The ÖAV has been a UIAA member (via the VAVÖ ) since 1951 , a member of the CAA and a member of the EUMA since 2017 .

criticism

On the occasion of its 150th anniversary, the PES offered its members discounts on using the toll Grossglockner High Alpine Road by car or motorcycle for the 2012 season.
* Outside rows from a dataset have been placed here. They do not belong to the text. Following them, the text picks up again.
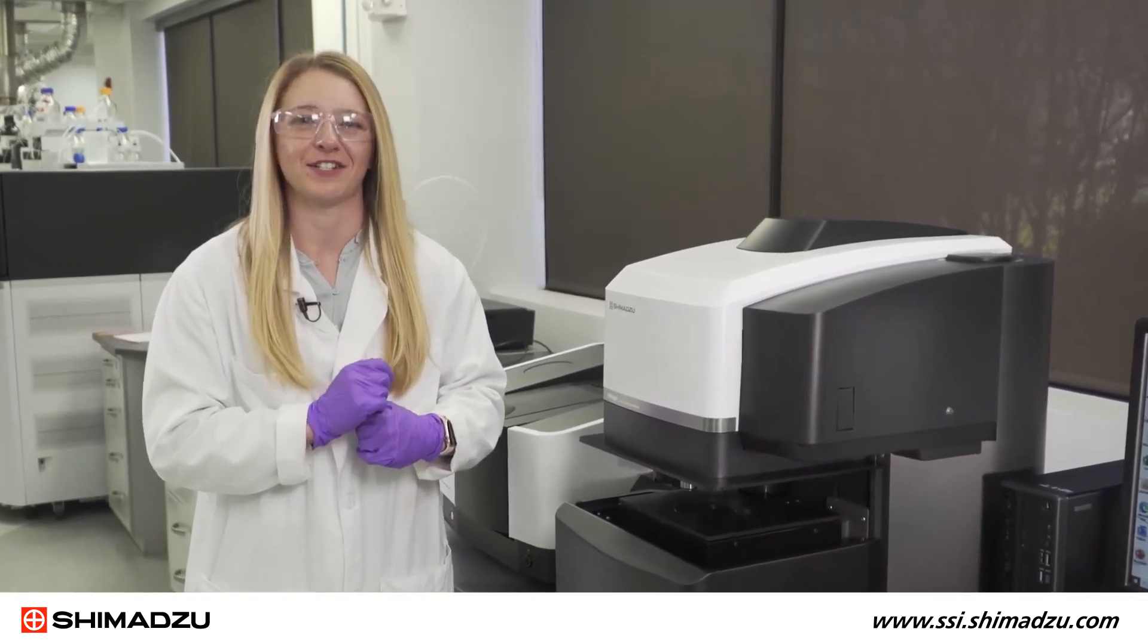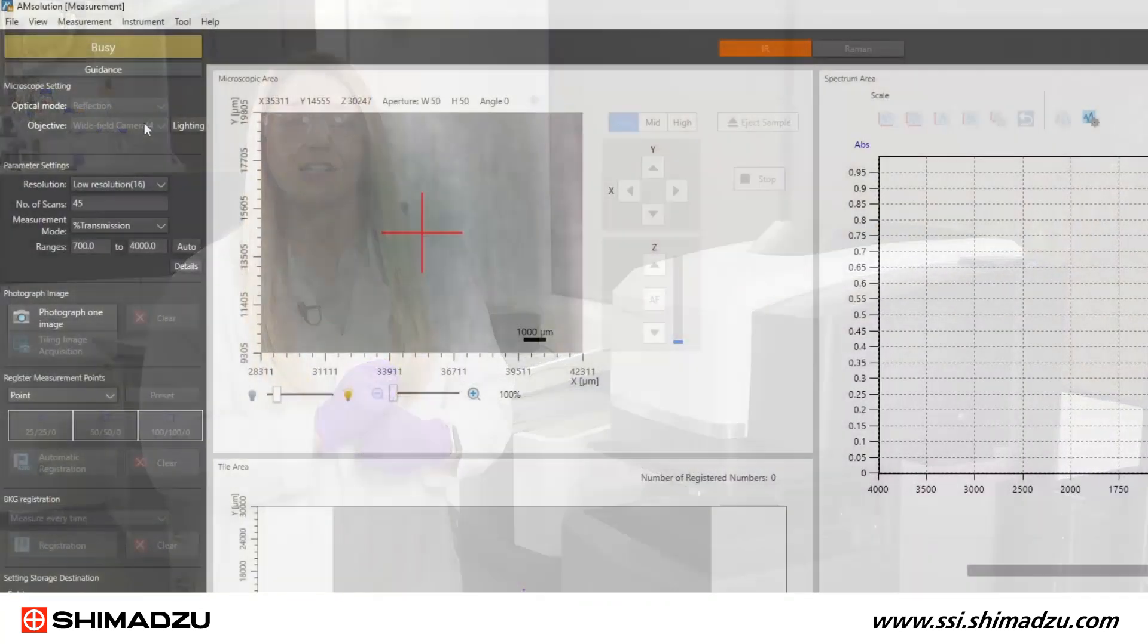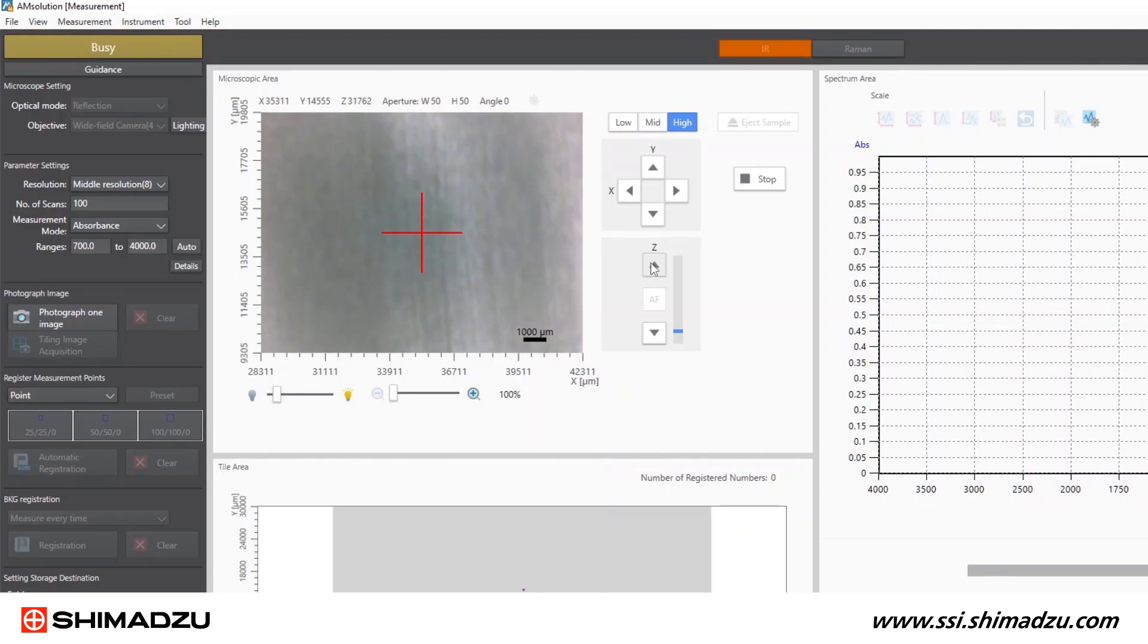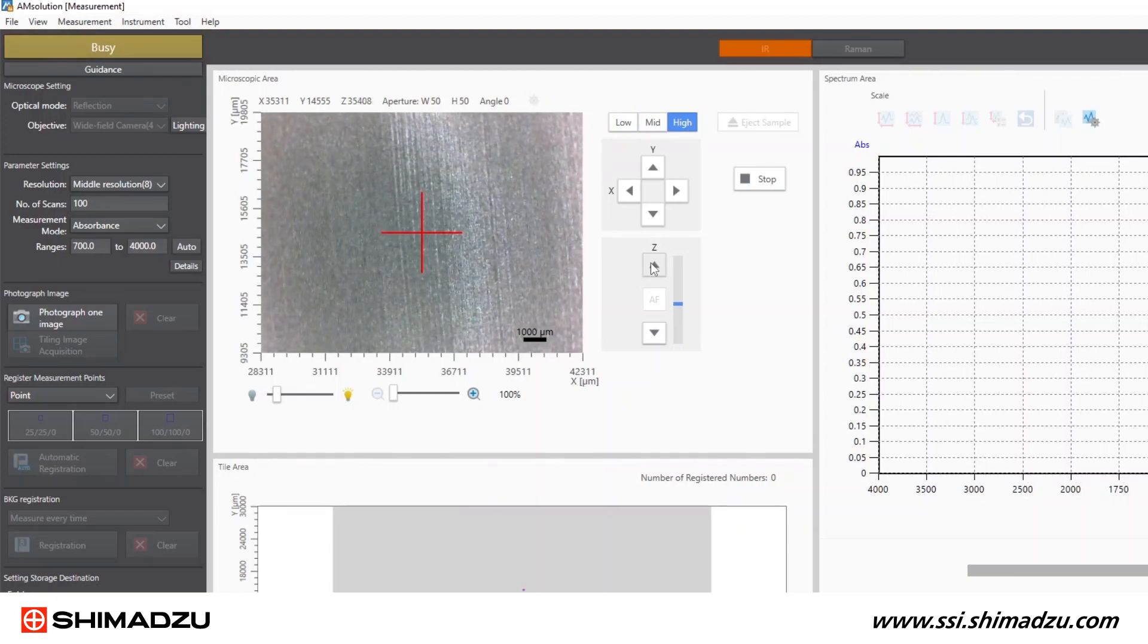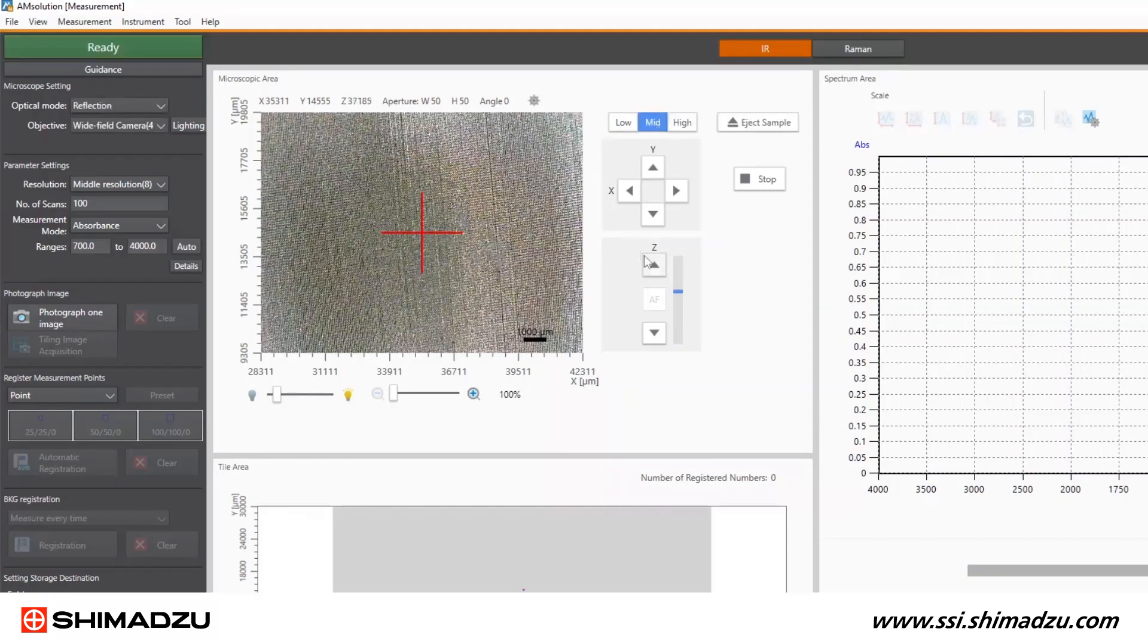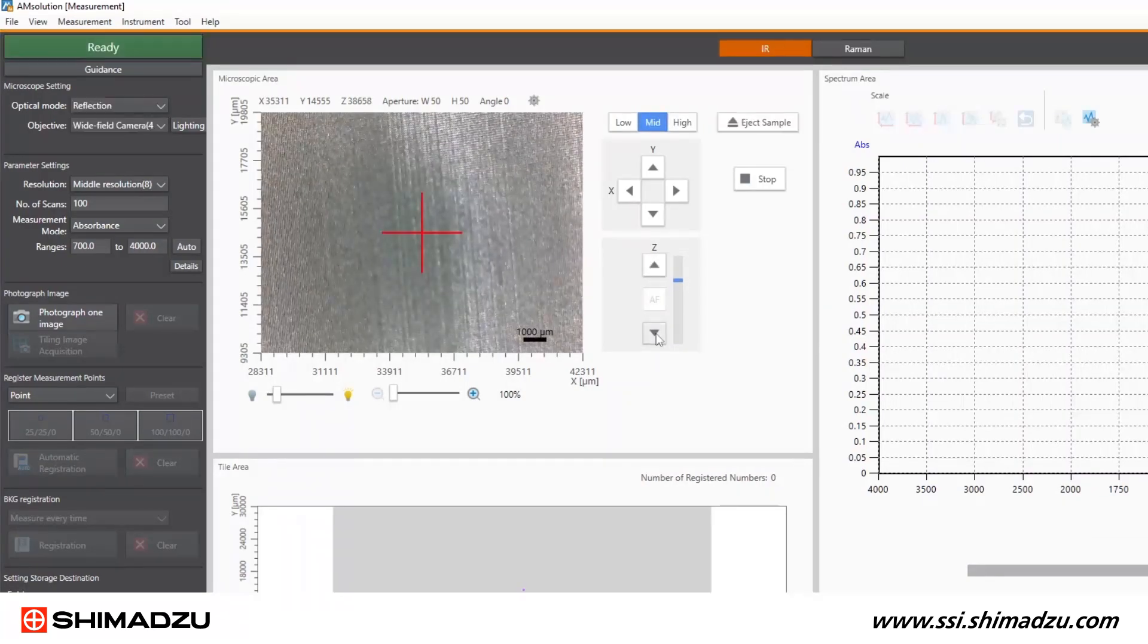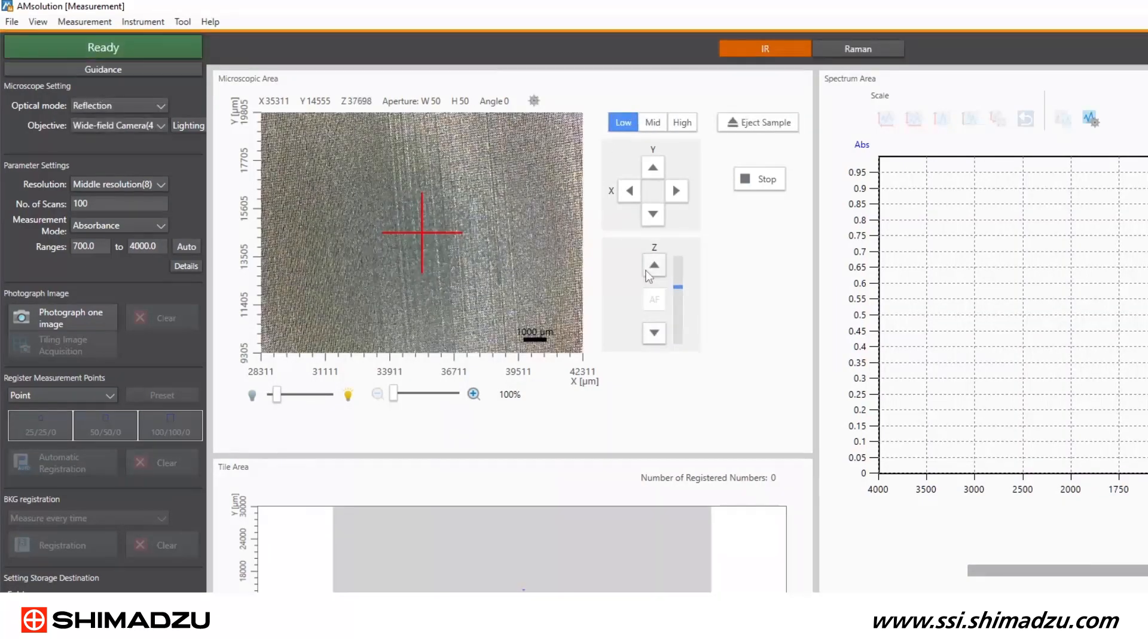Now that all of our FTIR parameters are ready to go, I need to find some interesting spots to measure. First, I select the wide field camera from the objectives dropdown list and use the Z height adjustment to focus on the sample and get a clear image. This is looking pretty good. Can you see any microplastics yet?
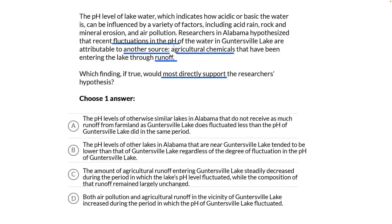pH fluctuations were caused by runoff. Let me state that another way. Our test phrase here will be: runoff leads to pH change — I'll use a delta for change. So which finding would most directly support our hypothesis that runoff accounts for the change in pH?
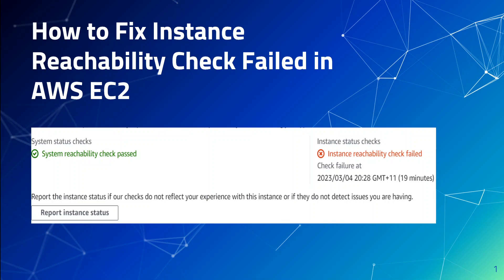I followed the usual process of stopping the instance, changing the instance type, and then starting it. Like most things in cloud engineering, it wasn't that straightforward. In this case, system checks passed but instance reachability check failed — you can see the error on my screen. It was evident that Linux failed to boot.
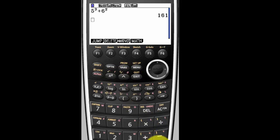And then just hit execute. And that's all you do. If you have any questions about Casio graphing calculators, please leave me a message and I'll get back to you as soon as I can. Thanks. Have a good day.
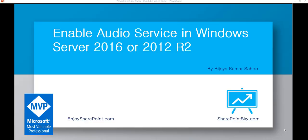Hello and welcome to our YouTube channel. I am Vijay, a Microsoft SharePoint MVP, and in this video we are going to see how to enable audio service in Windows Server 2016 or Windows Server 2012 R2.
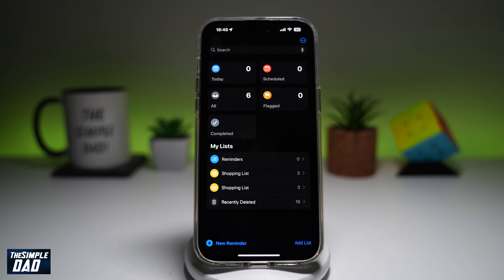So there you go guys, that is how to delete a reminder list from your reminder app on your iPhone running iOS 18.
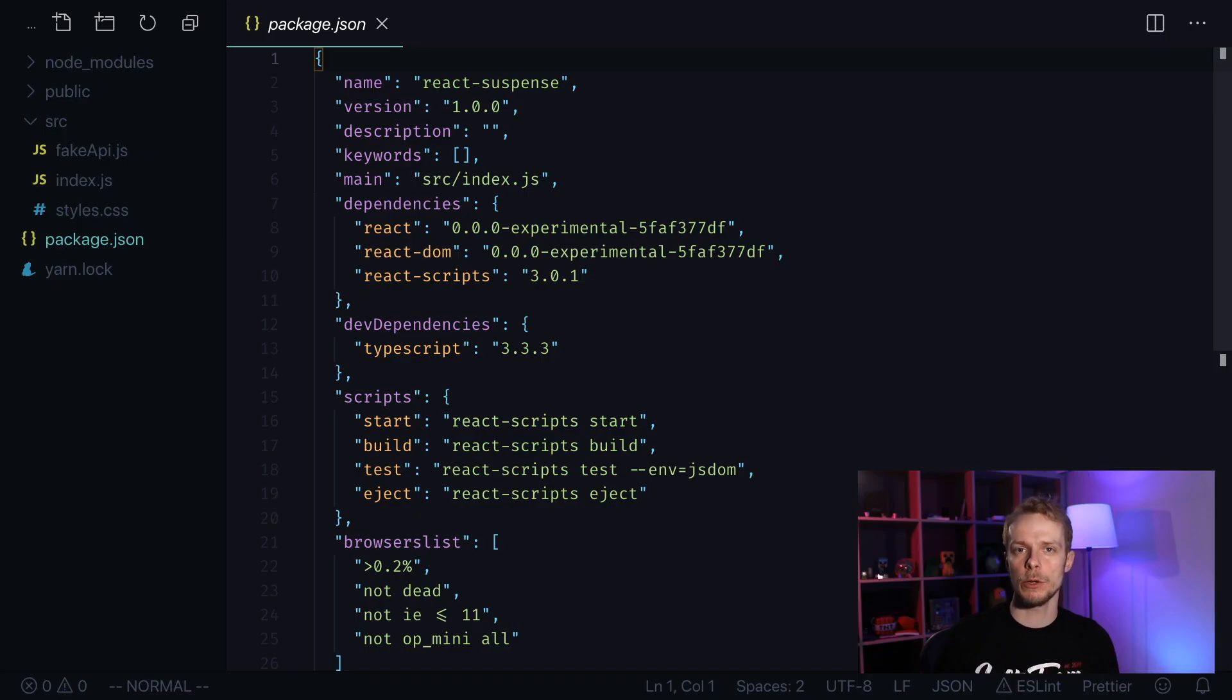A few days ago, React team released a new React version that among other changes contains suspense for data fetching. In this video we're going to take a look at this API and see how it works.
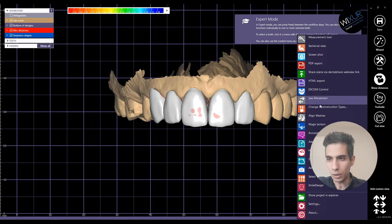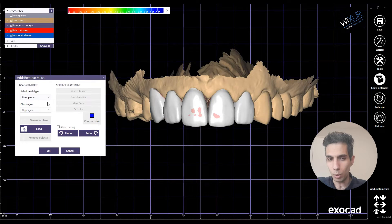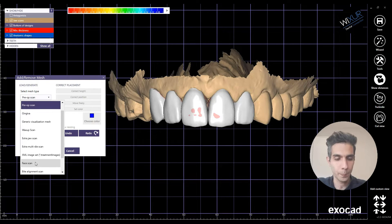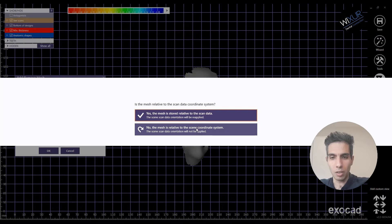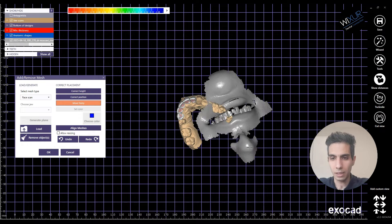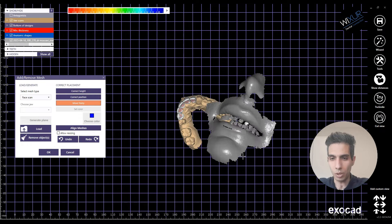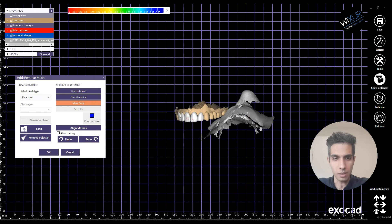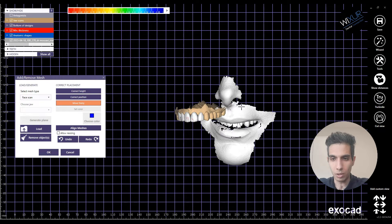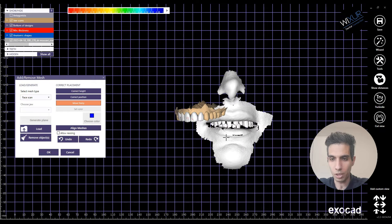Everything I'm doing here is in the tab simple, no chain mode, because it's not needed. Okay, let's go to the expert mode tools. What I'm going to do is add/remove mesh and import the face scan that I got from the dentist. Here we are — this is the face scan we are going to work with. Now it's time to align this mesh with the previous one, which is my upper jaw.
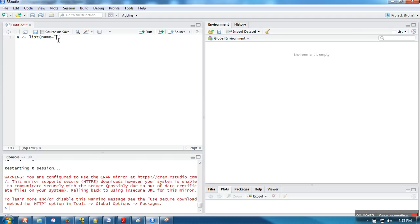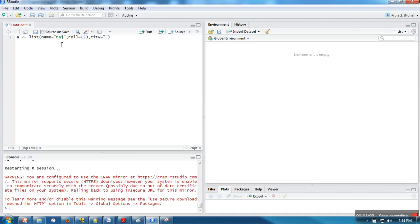The first data is name, which is also known as a tag. Let's say Raj. Second is role number, and third is city. Let's say Dali.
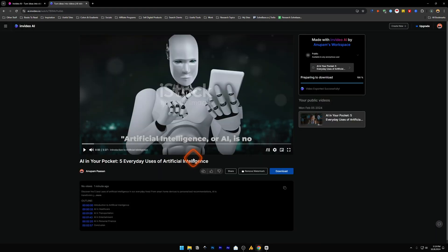Our video has been rendered and now you can see that a download button appeared. Now you can click on this and download your video.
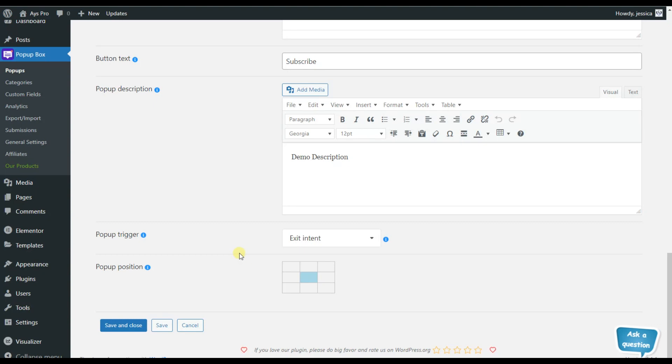For saving the changes, all you need to do is to click on the save button and that's all.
For years, a car company has always been one of the sponsors of the PES. In 2014, for example, it was Mercedes-Benz and Mitsubishi. Mitsubishi was allowed to publish half a page of advertising for its SUVs in the ÖAV member magazine "Bergauf" with the title " Life is 4WD ". Currently (June 2020) Suzuki, whose advertising slogan is " Way of Life ", is a "partner" of the PES.

See also

literature

Web links

Commons : Österreichischer Alpenverein  - Collection of images, videos and audio files

Individual evidence

  1. a b Alpenverein.at: Sections of the Alpine Association
  2. a b Membership statistics Austrian Alpine Association. Member statistics of the Austrian Alpine Association, accessed on March 8, 2020 .
  3. ^ Alpenverein.at: Alpenverein: "Ö" instead of "Oe". Alpine Club Section News No. 23, November 2014
  4. New logo for the Alpine Club
  5. Working area regulations in: Alpine Club Trail Guide (PDF)
  6. ^ Alpenverein.at: Sections Austrian Alpine Association. Retrieved June 25, 2017 .
  7. Membership statistics of the Alpine Club 2019, in numbers. (PDF) Austrian Alpine Association, accessed on March 8, 2020 .
  8. a b Peter Kapelari: Huts & routes. Alpine infrastructure of the Alpine Club - is it still needed? In: Bergauf 04-2012, p. 26 ff (reference p. 29 and 28, respectively);
    Alpine Club: hiking trails break away due to climate change. APA / Die Presse, October 17, 2008, accessed November 28, 2009 .
  9. PES contract houses. Retrieved April 18, 2018 .
  10. a b c The Alpine Kings. trend.at, July 21, 2005; Real estate: who owns Austria? In: Die Presse , June 19, 2011 (online article).
  11. Alpine Association & Nature Conservation. alpenverein.at (accessed February 24, 2017).
  12. ^ Alpenverein.at: History
  13. Uphill 2/2016. In: alpenverein.at. Pp. 6-7 , accessed December 13, 2016 .
  14. ^ Franz Senn, founder of the Alpine Club in the NÖN print edition of the Mödling Week 28/2012
  15. ^ A contribution to the founding history of the Alpine Club. Commemorative speech given by Professor Eduard Sueß on the 50th anniversary of the “Austria” section . In: Communications of the German and Austrian Alpine Club , year 1912 (Volume XXXVIII), p. 304 f. (Online at ALO ) and
    Bergwacht Chronicle, Part 1 (PDF; 3.84 MB) . In: Bergwacht-bayern.org , accessed on April 16, 2011.
  16. Martin Achrainer: "So, now we are all to ourselves!" Anti-Semitism in the Alpine Association (PDF), in: Hanno Loewy , Gerhard Milchra: Have you seen my Alps? A Jewish Relationship Story , Hohenems / Vienna 2009
  17. ^ Alpenverein.de: European mountaineering umbrella organization EUMA founded in Munich
  18. AV members pay less Glockner toll. Retrieved June 3, 2020 .
  19. Mercedes Austria: Vito 4x4 and Austrian Alpine Club working together against avalanches. Retrieved June 4, 2020 .
  20. © Österreichischer AlpenvereinOlympiastraße 37, 6020 InnsbruckT + 43/512 / 59547F + 43/512 / 59547-50E-MailImprint: New cars from SUZUKI: Fleet for the Alpine Club. Retrieved June 4, 2020 .
  21. Bergauf 01/2014, pages 31 and 102.
  22. ÖAV Österr. Alpine Club. Retrieved June 4, 2020 (Austrian German).